**Task instructions:**
Images do not belong in the copy. Retype the entries exactly.

[Stored items]
= = = = =

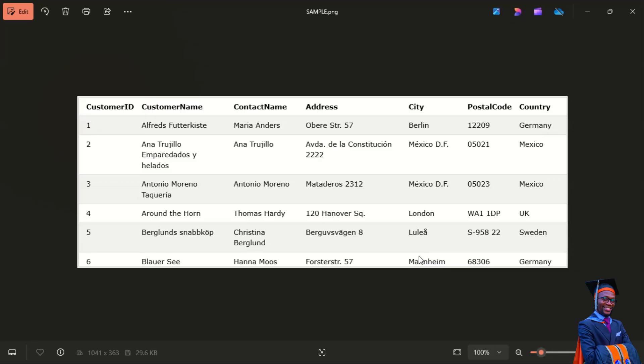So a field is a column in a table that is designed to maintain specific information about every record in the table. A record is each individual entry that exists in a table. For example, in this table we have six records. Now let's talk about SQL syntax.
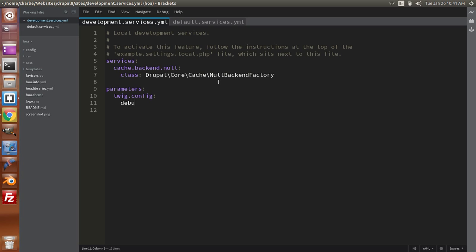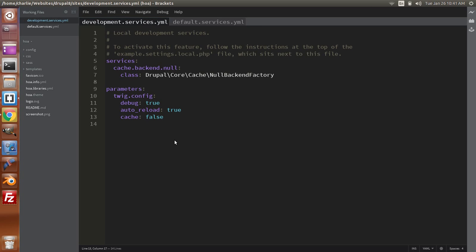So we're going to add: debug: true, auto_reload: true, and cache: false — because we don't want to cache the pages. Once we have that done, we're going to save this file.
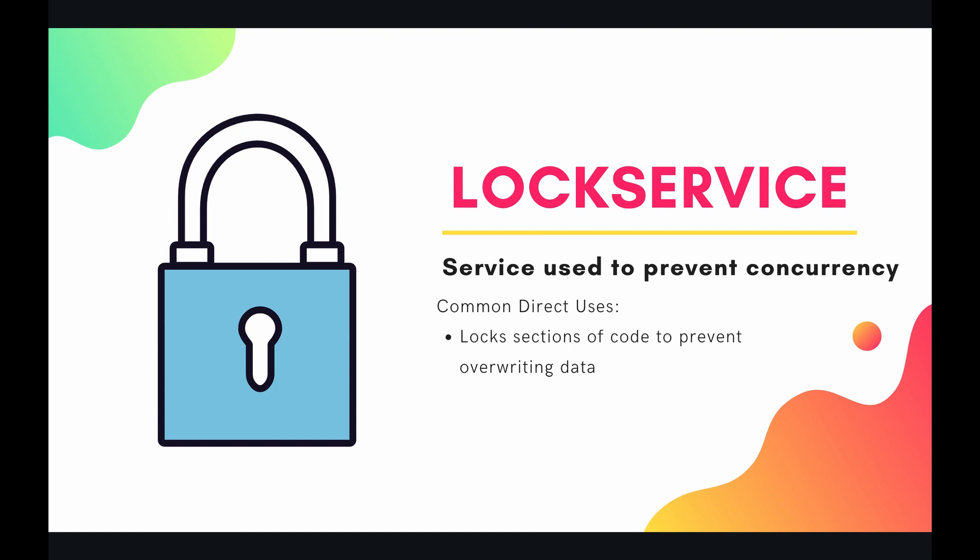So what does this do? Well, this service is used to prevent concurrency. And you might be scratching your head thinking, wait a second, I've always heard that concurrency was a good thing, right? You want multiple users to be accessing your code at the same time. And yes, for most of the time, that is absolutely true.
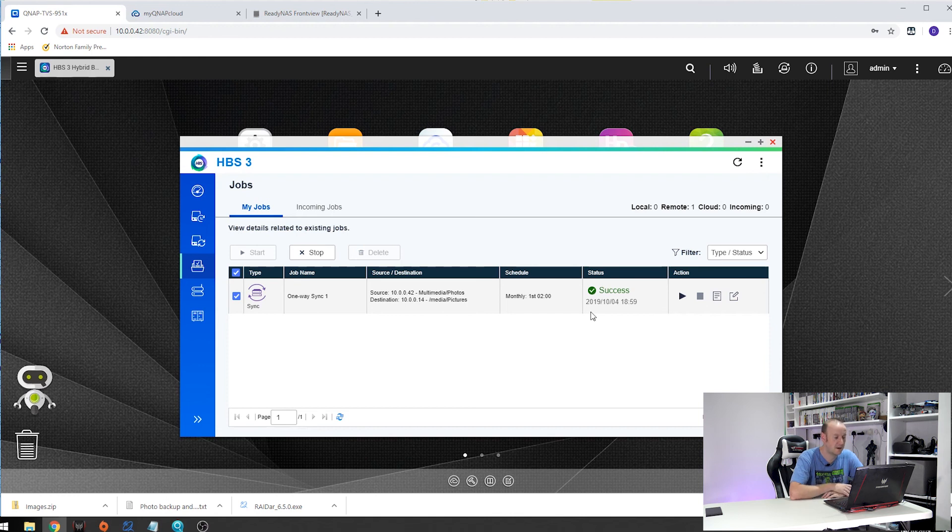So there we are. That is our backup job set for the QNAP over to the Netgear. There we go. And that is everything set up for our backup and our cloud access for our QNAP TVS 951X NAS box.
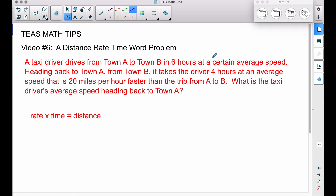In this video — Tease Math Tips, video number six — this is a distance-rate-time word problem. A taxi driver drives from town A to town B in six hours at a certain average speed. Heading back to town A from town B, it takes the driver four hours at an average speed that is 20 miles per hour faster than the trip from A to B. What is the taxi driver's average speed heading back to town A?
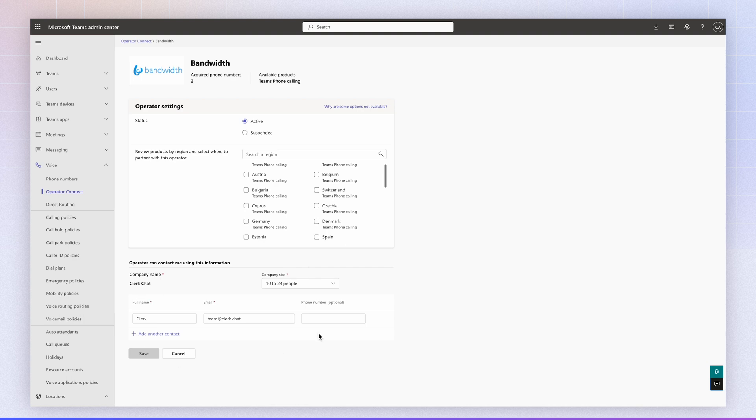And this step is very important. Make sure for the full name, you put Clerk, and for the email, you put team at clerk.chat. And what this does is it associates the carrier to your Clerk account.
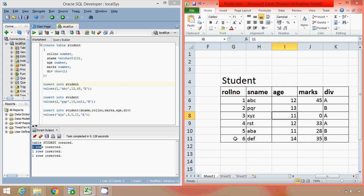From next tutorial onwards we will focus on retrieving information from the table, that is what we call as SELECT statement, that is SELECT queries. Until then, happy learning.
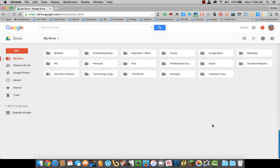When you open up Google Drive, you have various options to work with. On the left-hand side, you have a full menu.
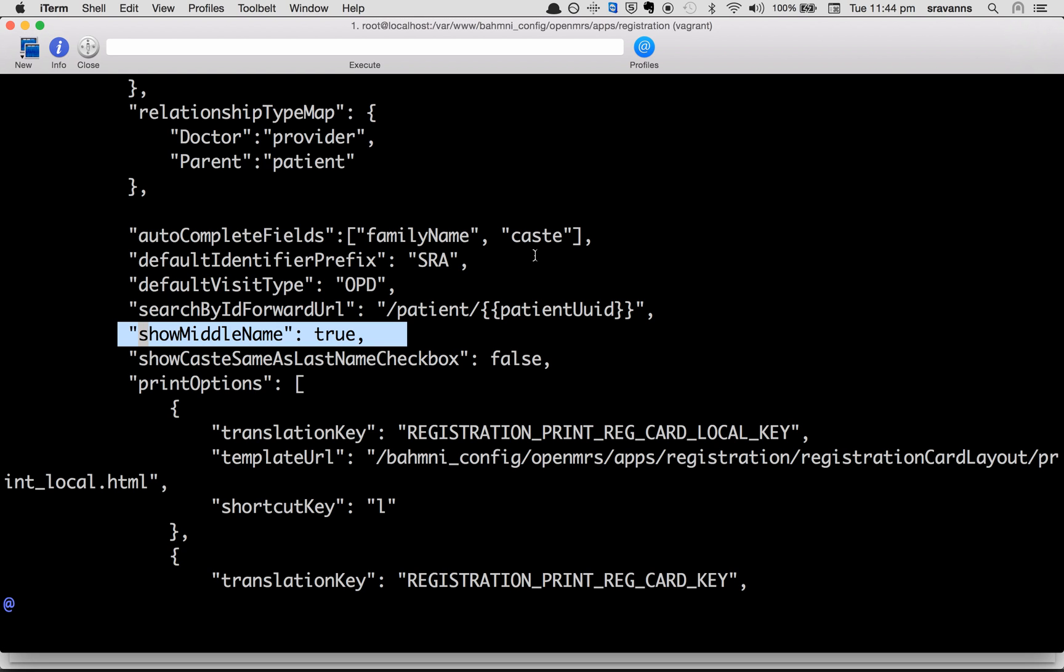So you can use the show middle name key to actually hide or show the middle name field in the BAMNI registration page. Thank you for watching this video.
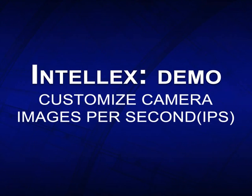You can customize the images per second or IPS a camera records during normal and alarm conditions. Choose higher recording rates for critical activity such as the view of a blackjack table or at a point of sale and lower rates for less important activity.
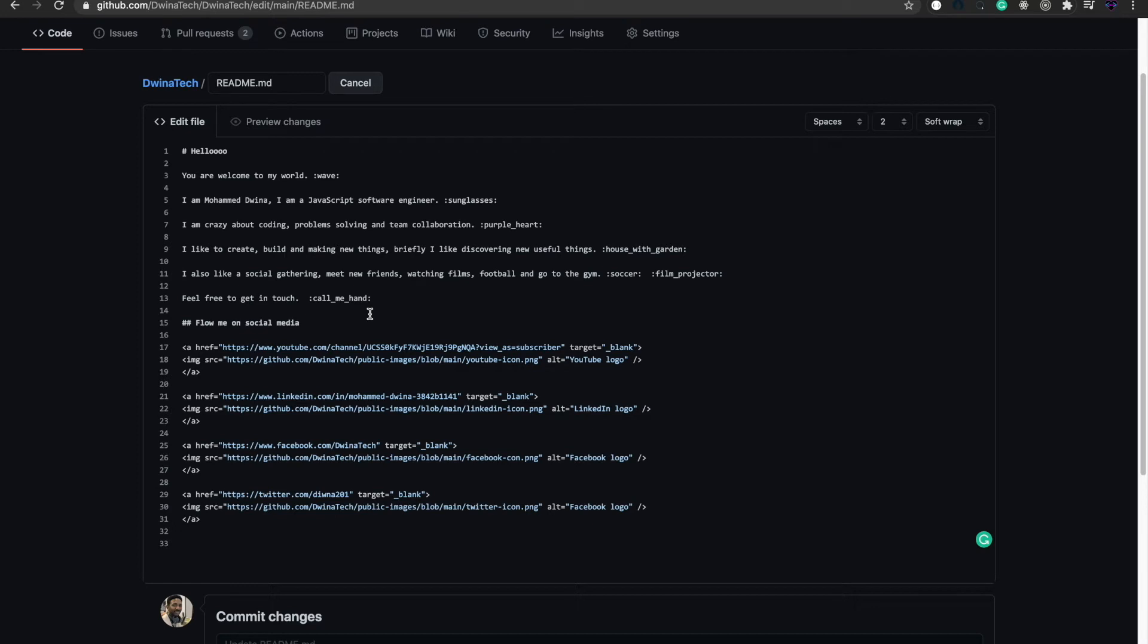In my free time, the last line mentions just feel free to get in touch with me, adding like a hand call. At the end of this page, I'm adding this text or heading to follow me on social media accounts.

= = = = =

**Finished exercise:**
So a field is a column in a table that is designed to maintain specific information about every record in the table. A record is each individual entry that exists in a table. For example, in this table we have six records. Now let's talk about SQL syntax.
So we're going to add: debug: true, auto_reload: true, and cache: false — because we don't want to cache the pages. Once we have that done, we're going to save this file.
So what does this do? Well, this service is used to prevent concurrency. And you might be scratching your head thinking, wait a second, I've always heard that concurrency was a good thing, right? You want multiple users to be accessing your code at the same time. And yes, for most of the time, that is absolutely true.
So there we are. That is our backup job set for the QNAP over to the Netgear. There we go. And that is everything set up for our backup and our cloud access for our QNAP TVS 951X NAS box.
In this video — Tease Math Tips, video number six — this is a distance-rate-time word problem. A taxi driver drives from town A to town B in six hours at a certain average speed. Heading back to town A from town B, it takes the driver four hours at an average speed that is 20 miles per hour faster than the trip from A to B. What is the taxi driver's average speed heading back to town A?
And this step is very important. Make sure for the full name, you put Clerk, and for the email, you put team at clerk.chat. And what this does is it associates the carrier to your Clerk account.
From next tutorial onwards we will focus on retrieving information from the table, that is what we call as SELECT statement, that is SELECT queries. Until then, happy learning.
When you open up Google Drive, you have various options to work with. On the left-hand side, you have a full menu.
So you can use the show middle name key to actually hide or show the middle name field in the BAMNI registration page. Thank you for watching this video.
You can customize the images per second or IPS a camera records during normal and alarm conditions. Choose higher recording rates for critical activity such as the view of a blackjack table or at a point of sale and lower rates for less important activity.
In my free time, the last line mentions just feel free to get in touch with me, adding like a hand call. At the end of this page, I'm adding this text or heading to follow me on social media accounts.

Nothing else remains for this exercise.